== Work task ==
Copy exactly the line containing "Abstrakte graue Wasserfarbe" and all the lines that follow it to the end of the records, minus the pictures.

== Given data ==

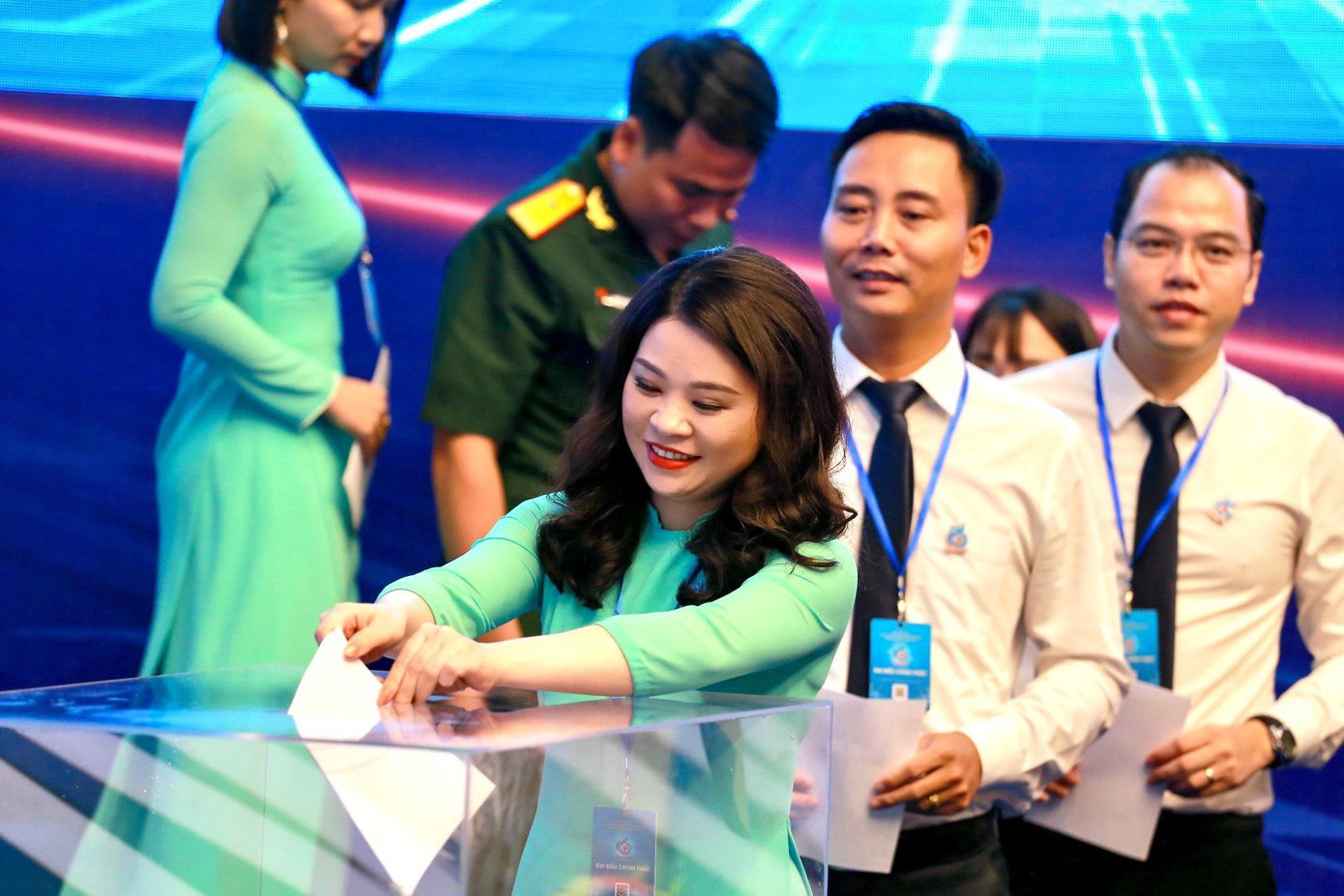 Trong ngày 28/9, các đại biểu bỏ phiếu bầu BCH khóa XVI, nhiệm kỳ 2022 - 2027 gồm 59 anh, chị. Ảnh: Trọng Tài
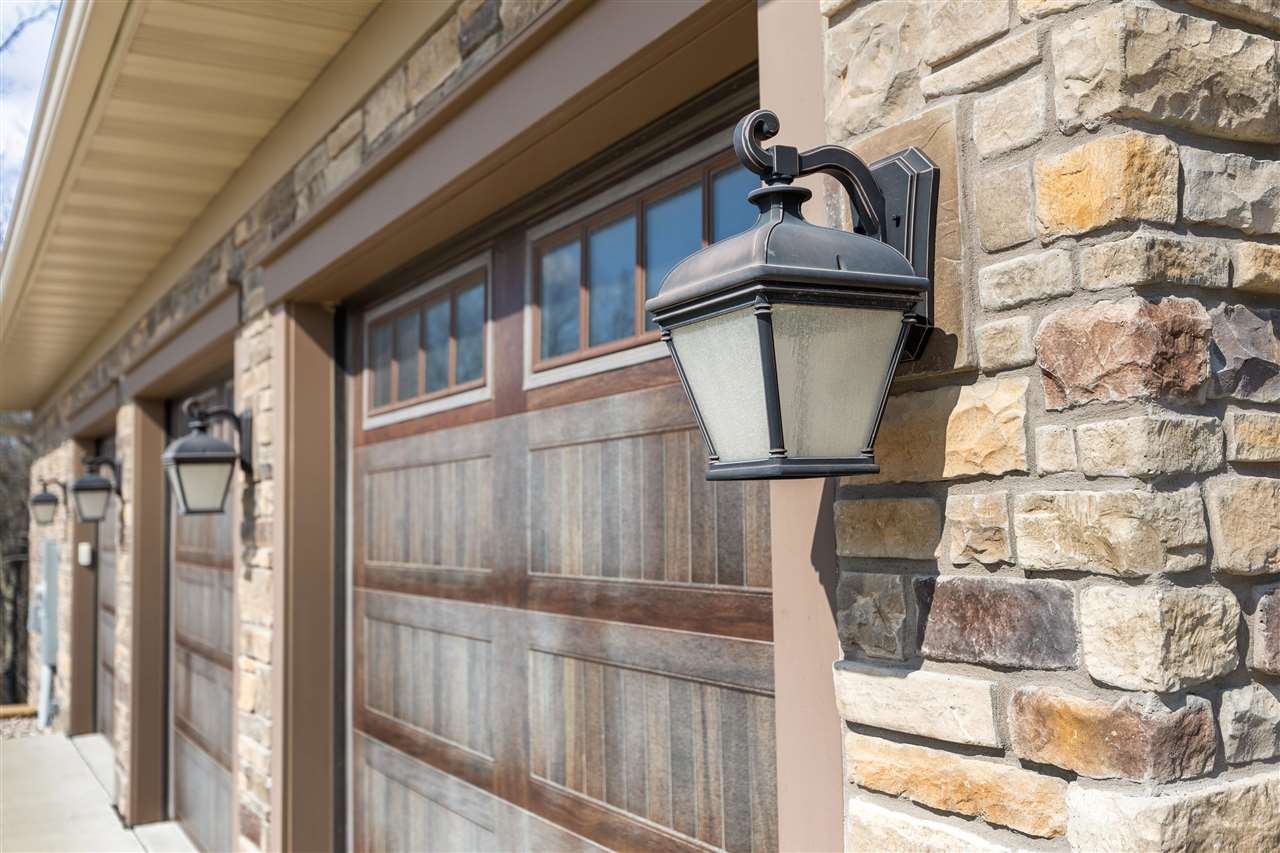 3009 Woodland Ridge Drive NE Iowa City IA 52240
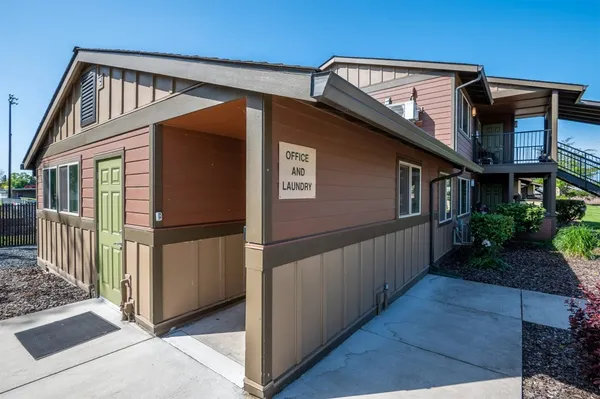 $1,002 | 621 North Douglas Street, Canby, OR 97013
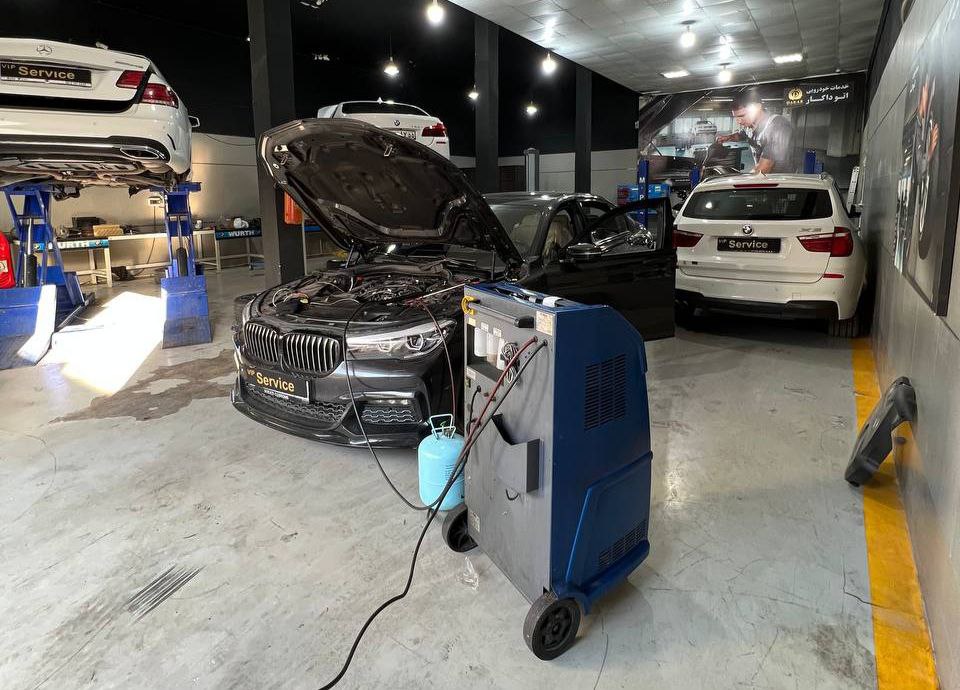 سرویس کولر بی ام و (BMW)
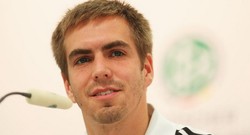 Line-up Jerman Dibocorkan, Lahm Berang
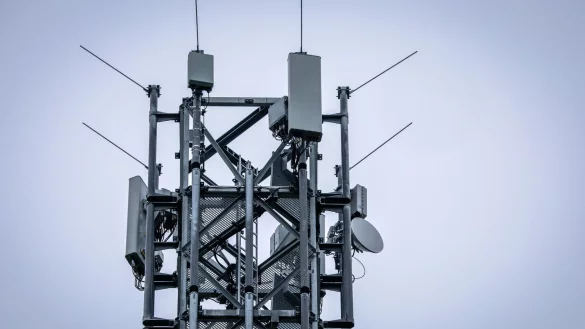 Mit der Deutschen Telekom, O2 Telef&oacute;nica und Vodafone gibt es drei etablierte Netzbetreiber und mit 1&1 seit kurzem auch eine Nummer vier. - &copy; Jens B&uuml;ttner/dpa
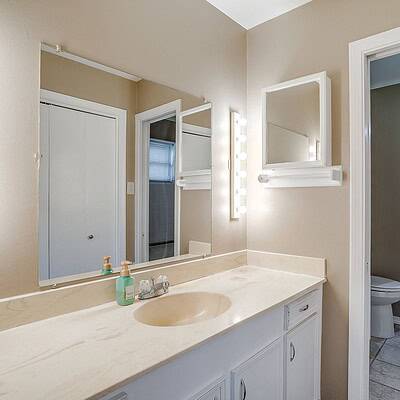 An image that shows 1060 S Burleson Blvd. (35 Of 58)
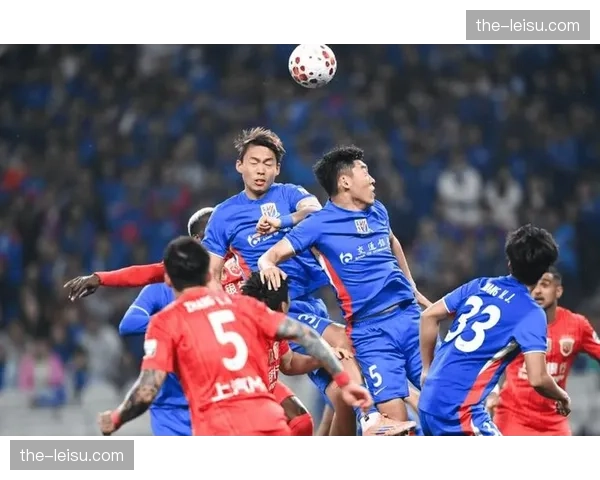 青岛西海岸0-1小负上海申花，朱辰杰头球制胜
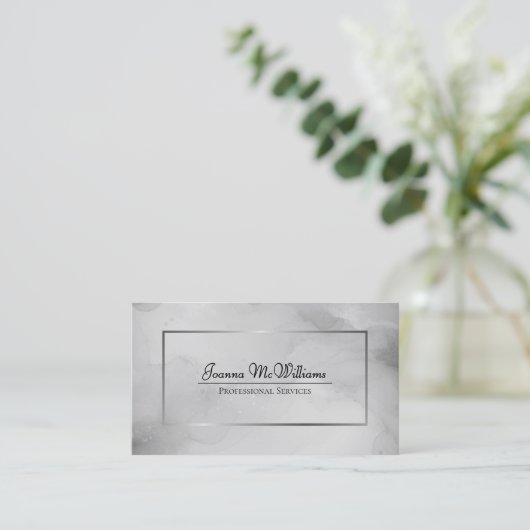 Abstrakte graue Wasserfarbe mit Silver QR Code Visitenkarte (Stehend Vorderseite)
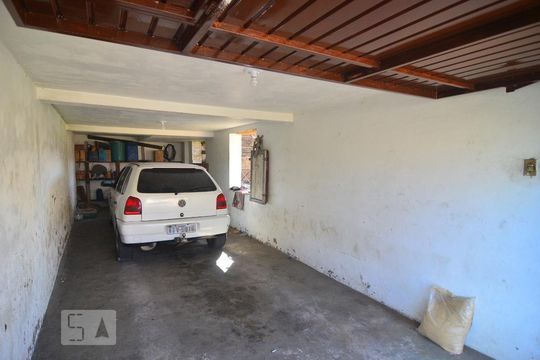 Garagem de casa à venda com 3 quartos, 100m² em Marechal Rondon, Canoas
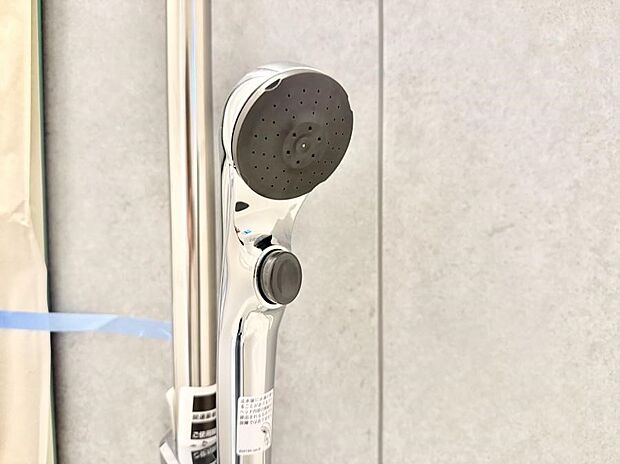 ■手元で簡単に止水できるため、水の無駄遣いを減らすことができます。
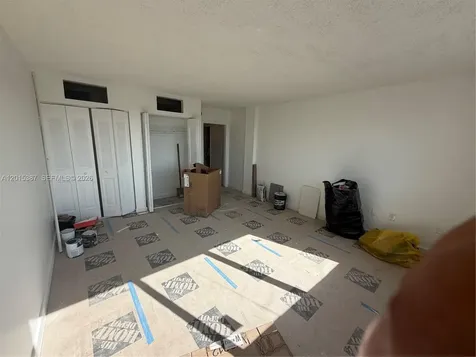 6930 Miami Gardens Drive Hialeah FL 33015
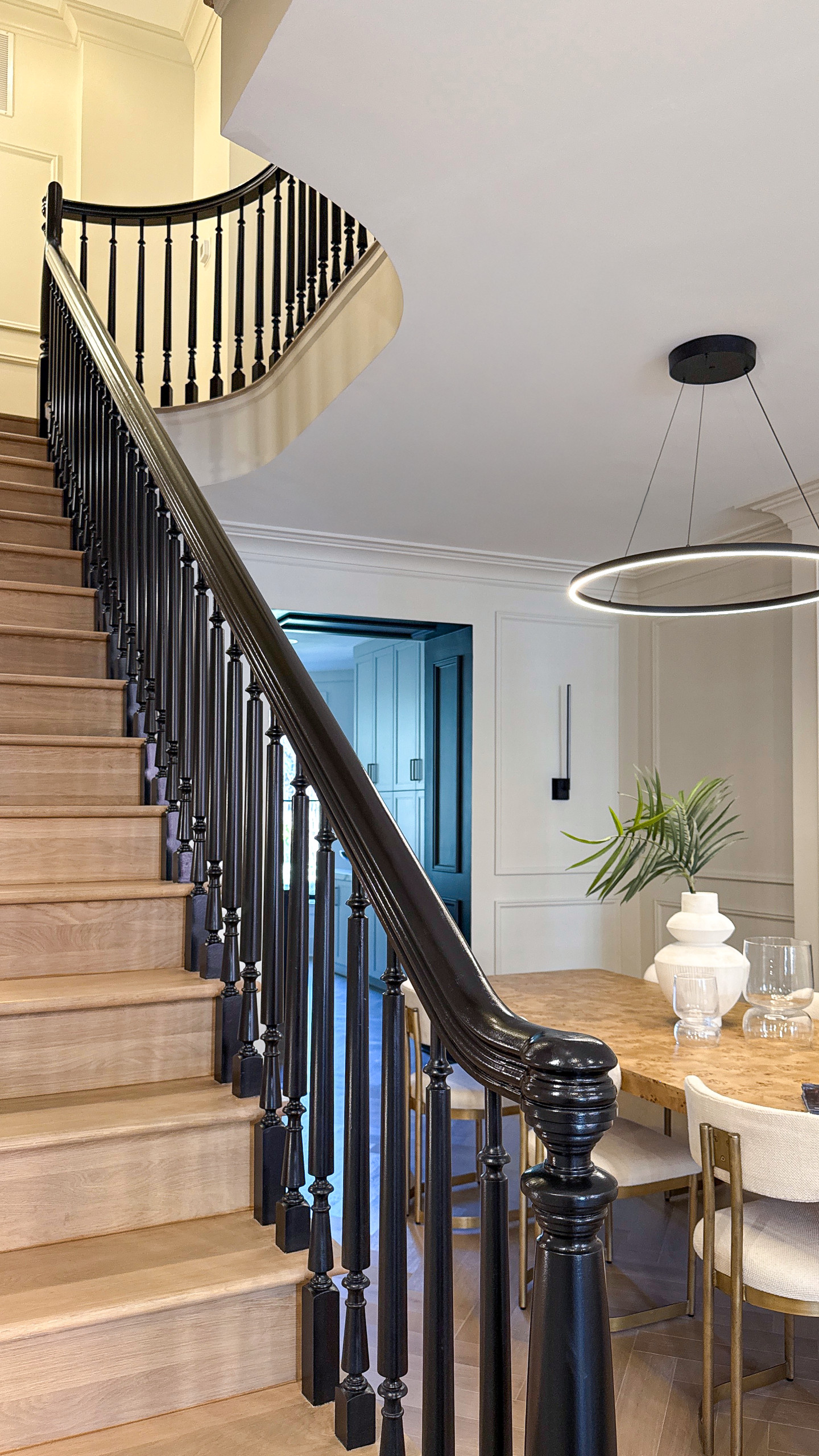 Project #154 | Classic & Chic Wood Railing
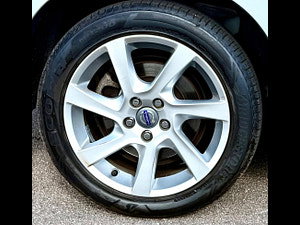 Volvo V60 thumbnail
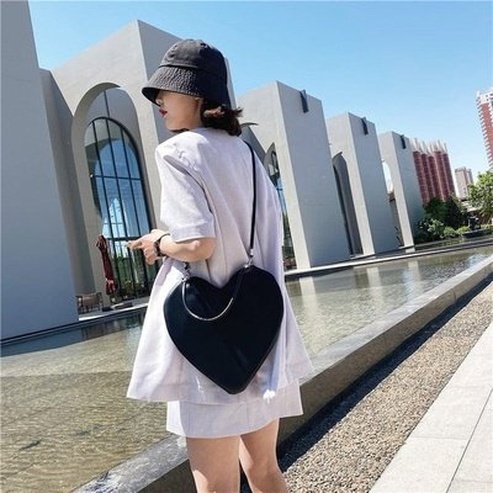 Heart Shoulder Bag Handbags Checkered Shoulder Bag for Women · Dondepiso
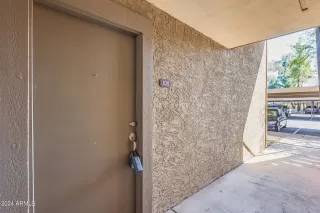 Photo #1: 6762539 Listing 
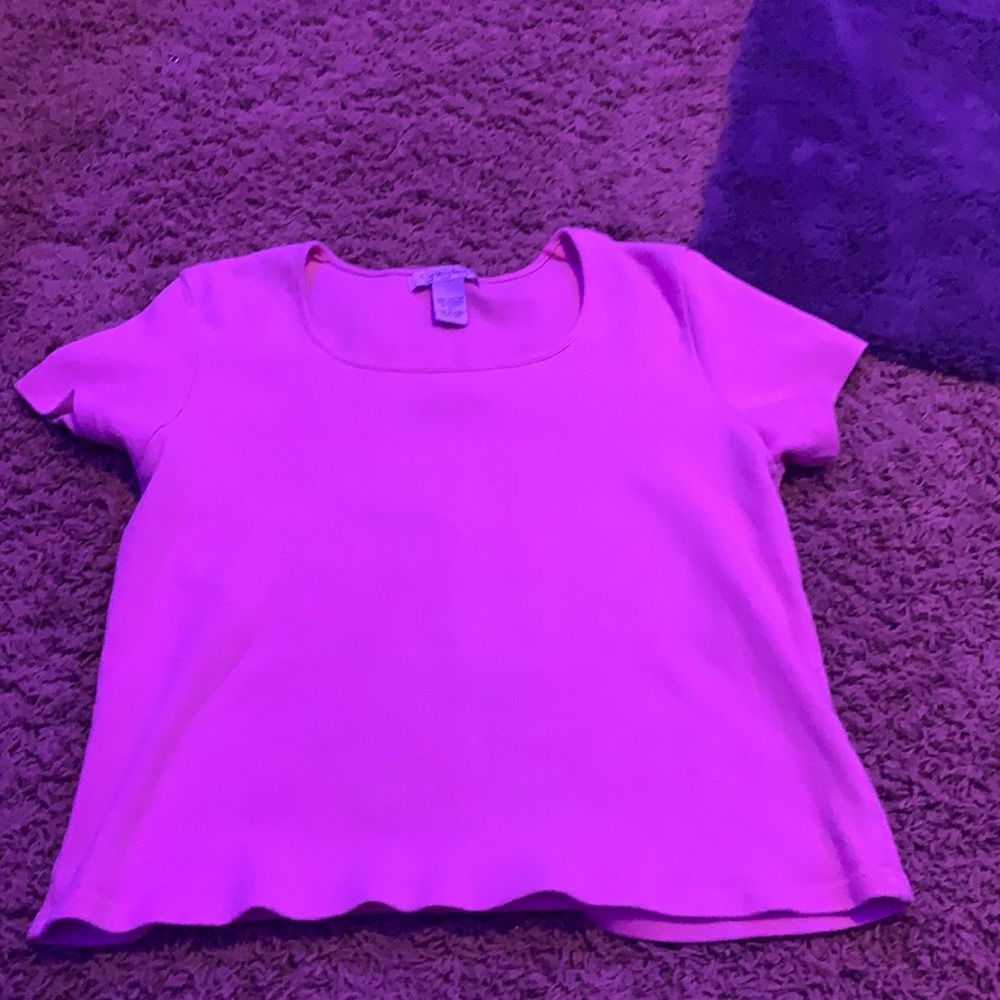 selling their wide necked pink tee!!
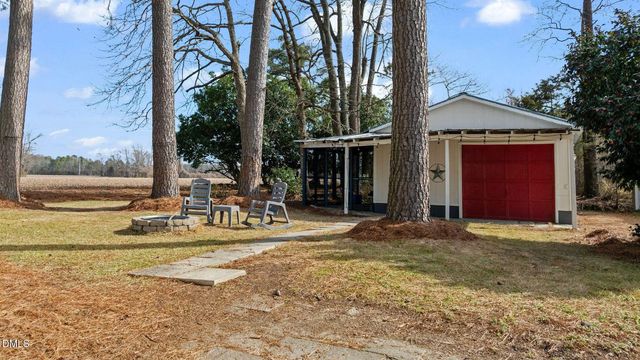 3838 Longleaf Drive NE, Elm City, NC 27822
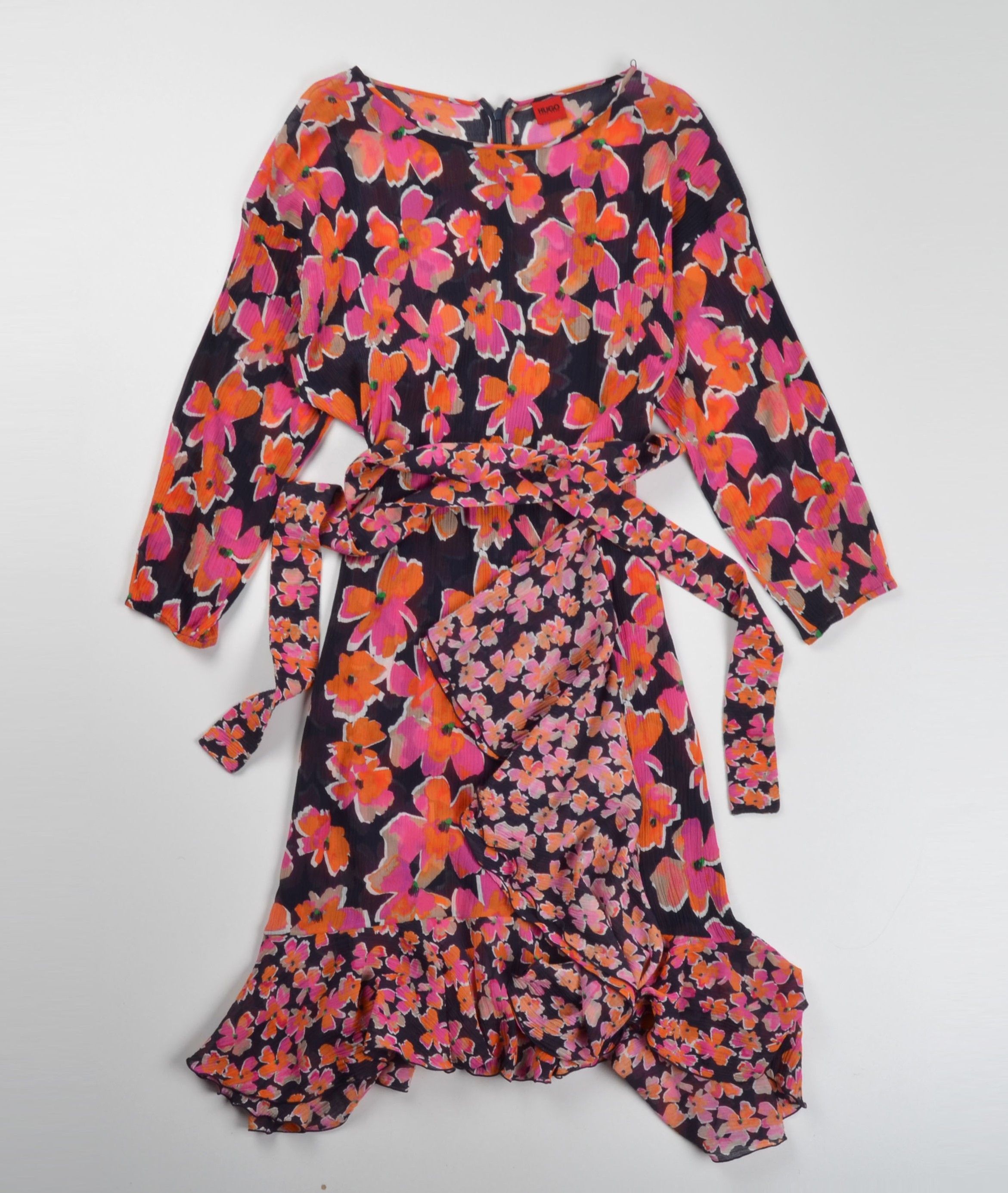 Hugo Boss Hugo Boss Floral Belted Long Sleeve Ruffle Feminine Dress Size M / US 6-8 / IT 42-44 - 4 Thumbnail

== Response box ==
 Abstrakte graue Wasserfarbe mit Silver QR Code Visitenkarte (Stehend Vorderseite)
 Garagem de casa à venda com 3 quartos, 100m² em Marechal Rondon, Canoas
 ■手元で簡単に止水できるため、水の無駄遣いを減らすことができます。
 6930 Miami Gardens Drive Hialeah FL 33015
 Project #154 | Classic & Chic Wood Railing
 Volvo V60 thumbnail
 Heart Shoulder Bag Handbags Checkered Shoulder Bag for Women · Dondepiso
 Photo #1: 6762539 Listing 
 selling their wide necked pink tee!!
 3838 Longleaf Drive NE, Elm City, NC 27822
 Hugo Boss Hugo Boss Floral Belted Long Sleeve Ruffle Feminine Dress Size M / US 6-8 / IT 42-44 - 4 Thumbnail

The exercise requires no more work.